*** SUPPLIED INFORMATION ***
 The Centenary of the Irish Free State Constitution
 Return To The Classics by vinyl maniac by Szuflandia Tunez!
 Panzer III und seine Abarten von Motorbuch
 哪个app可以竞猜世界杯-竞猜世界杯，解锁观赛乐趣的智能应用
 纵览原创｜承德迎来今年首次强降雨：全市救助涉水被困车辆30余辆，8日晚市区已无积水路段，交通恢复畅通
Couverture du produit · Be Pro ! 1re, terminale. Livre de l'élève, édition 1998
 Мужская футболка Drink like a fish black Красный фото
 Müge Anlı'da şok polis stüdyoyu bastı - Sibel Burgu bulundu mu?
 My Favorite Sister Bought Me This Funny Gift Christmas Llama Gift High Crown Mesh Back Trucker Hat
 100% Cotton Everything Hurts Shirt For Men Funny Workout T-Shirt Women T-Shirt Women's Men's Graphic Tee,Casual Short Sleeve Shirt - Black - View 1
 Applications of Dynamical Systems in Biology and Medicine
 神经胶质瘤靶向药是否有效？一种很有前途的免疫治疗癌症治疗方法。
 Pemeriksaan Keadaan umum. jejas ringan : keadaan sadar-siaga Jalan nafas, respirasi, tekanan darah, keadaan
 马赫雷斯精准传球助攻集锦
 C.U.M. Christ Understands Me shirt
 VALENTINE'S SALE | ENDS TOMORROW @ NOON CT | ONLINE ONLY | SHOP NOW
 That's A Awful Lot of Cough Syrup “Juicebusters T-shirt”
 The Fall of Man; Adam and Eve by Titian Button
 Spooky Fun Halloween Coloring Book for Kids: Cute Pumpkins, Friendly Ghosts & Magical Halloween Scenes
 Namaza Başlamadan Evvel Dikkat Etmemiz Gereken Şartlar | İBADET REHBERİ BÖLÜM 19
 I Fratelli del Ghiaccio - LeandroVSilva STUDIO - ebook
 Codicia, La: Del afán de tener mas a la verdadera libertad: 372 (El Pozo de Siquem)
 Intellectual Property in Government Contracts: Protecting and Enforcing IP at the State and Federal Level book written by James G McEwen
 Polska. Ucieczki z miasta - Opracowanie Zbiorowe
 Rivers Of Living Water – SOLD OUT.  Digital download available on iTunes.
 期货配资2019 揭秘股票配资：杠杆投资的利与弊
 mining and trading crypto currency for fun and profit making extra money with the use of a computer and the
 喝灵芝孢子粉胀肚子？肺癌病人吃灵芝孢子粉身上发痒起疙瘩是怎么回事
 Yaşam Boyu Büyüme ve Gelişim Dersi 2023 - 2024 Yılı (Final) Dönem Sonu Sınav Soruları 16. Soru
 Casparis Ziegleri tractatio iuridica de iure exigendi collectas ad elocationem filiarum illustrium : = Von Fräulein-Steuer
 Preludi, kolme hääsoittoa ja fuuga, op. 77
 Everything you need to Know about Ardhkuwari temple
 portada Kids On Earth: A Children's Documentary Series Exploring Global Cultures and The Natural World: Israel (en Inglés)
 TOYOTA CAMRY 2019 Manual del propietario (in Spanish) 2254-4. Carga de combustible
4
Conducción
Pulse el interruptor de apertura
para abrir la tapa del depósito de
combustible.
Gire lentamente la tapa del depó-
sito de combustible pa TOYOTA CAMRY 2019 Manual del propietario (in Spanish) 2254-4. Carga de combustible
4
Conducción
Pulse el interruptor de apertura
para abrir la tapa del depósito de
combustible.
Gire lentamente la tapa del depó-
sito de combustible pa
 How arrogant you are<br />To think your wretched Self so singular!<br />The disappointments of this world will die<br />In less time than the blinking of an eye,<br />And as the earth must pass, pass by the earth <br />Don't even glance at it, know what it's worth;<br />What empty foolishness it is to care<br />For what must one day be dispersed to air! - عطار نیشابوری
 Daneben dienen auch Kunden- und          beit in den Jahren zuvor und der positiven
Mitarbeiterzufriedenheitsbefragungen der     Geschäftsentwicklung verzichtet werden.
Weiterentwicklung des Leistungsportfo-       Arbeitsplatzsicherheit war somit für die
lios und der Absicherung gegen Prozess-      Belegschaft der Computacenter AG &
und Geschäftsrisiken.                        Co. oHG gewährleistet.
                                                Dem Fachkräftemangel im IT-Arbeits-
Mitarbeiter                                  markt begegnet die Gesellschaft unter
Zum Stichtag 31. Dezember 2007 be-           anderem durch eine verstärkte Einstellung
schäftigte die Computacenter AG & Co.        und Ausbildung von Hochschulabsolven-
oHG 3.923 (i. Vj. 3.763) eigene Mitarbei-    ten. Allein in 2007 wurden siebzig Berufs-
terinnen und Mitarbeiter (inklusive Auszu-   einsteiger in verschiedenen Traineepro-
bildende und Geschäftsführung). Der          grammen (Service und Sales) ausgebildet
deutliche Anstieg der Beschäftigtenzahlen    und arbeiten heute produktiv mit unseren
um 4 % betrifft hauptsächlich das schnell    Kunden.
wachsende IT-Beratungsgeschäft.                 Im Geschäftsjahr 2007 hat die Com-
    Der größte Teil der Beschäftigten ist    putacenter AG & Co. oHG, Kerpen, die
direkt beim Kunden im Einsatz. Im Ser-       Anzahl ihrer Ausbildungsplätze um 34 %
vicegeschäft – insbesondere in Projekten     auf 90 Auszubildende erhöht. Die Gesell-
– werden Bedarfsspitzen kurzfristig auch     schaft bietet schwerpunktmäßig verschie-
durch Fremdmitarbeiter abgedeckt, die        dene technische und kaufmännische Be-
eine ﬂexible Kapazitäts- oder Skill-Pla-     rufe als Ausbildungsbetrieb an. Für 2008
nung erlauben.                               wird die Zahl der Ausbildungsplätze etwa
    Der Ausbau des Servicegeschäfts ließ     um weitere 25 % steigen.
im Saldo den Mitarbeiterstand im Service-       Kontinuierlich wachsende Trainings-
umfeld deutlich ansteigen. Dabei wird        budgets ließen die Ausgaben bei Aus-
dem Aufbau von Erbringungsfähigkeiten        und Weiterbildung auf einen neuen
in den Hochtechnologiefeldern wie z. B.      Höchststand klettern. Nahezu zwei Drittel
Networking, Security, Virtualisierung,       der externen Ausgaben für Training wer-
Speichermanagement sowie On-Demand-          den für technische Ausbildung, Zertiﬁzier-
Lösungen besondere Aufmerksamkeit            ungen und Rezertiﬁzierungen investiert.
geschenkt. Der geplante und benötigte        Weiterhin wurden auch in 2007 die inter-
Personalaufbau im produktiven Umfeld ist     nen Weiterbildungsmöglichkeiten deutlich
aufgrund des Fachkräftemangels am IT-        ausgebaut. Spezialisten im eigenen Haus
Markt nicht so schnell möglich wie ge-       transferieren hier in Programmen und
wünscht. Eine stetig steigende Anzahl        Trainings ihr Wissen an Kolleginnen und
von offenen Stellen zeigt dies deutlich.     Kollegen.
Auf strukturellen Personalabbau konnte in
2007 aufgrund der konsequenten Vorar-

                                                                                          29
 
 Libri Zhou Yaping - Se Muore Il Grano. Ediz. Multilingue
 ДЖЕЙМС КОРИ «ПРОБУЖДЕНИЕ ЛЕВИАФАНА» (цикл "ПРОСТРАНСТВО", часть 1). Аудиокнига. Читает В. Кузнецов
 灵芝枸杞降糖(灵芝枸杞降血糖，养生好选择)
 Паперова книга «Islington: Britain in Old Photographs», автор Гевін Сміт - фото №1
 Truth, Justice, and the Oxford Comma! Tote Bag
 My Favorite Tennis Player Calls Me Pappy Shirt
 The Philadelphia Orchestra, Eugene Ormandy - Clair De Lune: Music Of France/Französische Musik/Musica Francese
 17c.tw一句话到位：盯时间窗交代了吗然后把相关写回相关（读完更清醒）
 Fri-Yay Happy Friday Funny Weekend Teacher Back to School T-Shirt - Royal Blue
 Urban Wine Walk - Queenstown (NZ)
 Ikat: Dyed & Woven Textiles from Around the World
*** End of SUPPLIED INFORMATION ***
## WORK REQUIRED
An exact transcription of the lines from the start of the listing through the line bearing "Yaşam Boyu Büyüme" is the whole answer.

## ANSWER BELOW
 The Centenary of the Irish Free State Constitution
 Return To The Classics by vinyl maniac by Szuflandia Tunez!
 Panzer III und seine Abarten von Motorbuch
 哪个app可以竞猜世界杯-竞猜世界杯，解锁观赛乐趣的智能应用
 纵览原创｜承德迎来今年首次强降雨：全市救助涉水被困车辆30余辆，8日晚市区已无积水路段，交通恢复畅通
Couverture du produit · Be Pro ! 1re, terminale. Livre de l'élève, édition 1998
 Мужская футболка Drink like a fish black Красный фото
 Müge Anlı'da şok polis stüdyoyu bastı - Sibel Burgu bulundu mu?
 My Favorite Sister Bought Me This Funny Gift Christmas Llama Gift High Crown Mesh Back Trucker Hat
 100% Cotton Everything Hurts Shirt For Men Funny Workout T-Shirt Women T-Shirt Women's Men's Graphic Tee,Casual Short Sleeve Shirt - Black - View 1
 Applications of Dynamical Systems in Biology and Medicine
 神经胶质瘤靶向药是否有效？一种很有前途的免疫治疗癌症治疗方法。
 Pemeriksaan Keadaan umum. jejas ringan : keadaan sadar-siaga Jalan nafas, respirasi, tekanan darah, keadaan
 马赫雷斯精准传球助攻集锦
 C.U.M. Christ Understands Me shirt
 VALENTINE'S SALE | ENDS TOMORROW @ NOON CT | ONLINE ONLY | SHOP NOW
 That's A Awful Lot of Cough Syrup “Juicebusters T-shirt”
 The Fall of Man; Adam and Eve by Titian Button
 Spooky Fun Halloween Coloring Book for Kids: Cute Pumpkins, Friendly Ghosts & Magical Halloween Scenes
 Namaza Başlamadan Evvel Dikkat Etmemiz Gereken Şartlar | İBADET REHBERİ BÖLÜM 19
 I Fratelli del Ghiaccio - LeandroVSilva STUDIO - ebook
 Codicia, La: Del afán de tener mas a la verdadera libertad: 372 (El Pozo de Siquem)
 Intellectual Property in Government Contracts: Protecting and Enforcing IP at the State and Federal Level book written by James G McEwen
 Polska. Ucieczki z miasta - Opracowanie Zbiorowe
 Rivers Of Living Water – SOLD OUT.  Digital download available on iTunes.
 期货配资2019 揭秘股票配资：杠杆投资的利与弊
 mining and trading crypto currency for fun and profit making extra money with the use of a computer and the
 喝灵芝孢子粉胀肚子？肺癌病人吃灵芝孢子粉身上发痒起疙瘩是怎么回事
 Yaşam Boyu Büyüme ve Gelişim Dersi 2023 - 2024 Yılı (Final) Dönem Sonu Sınav Soruları 16. Soru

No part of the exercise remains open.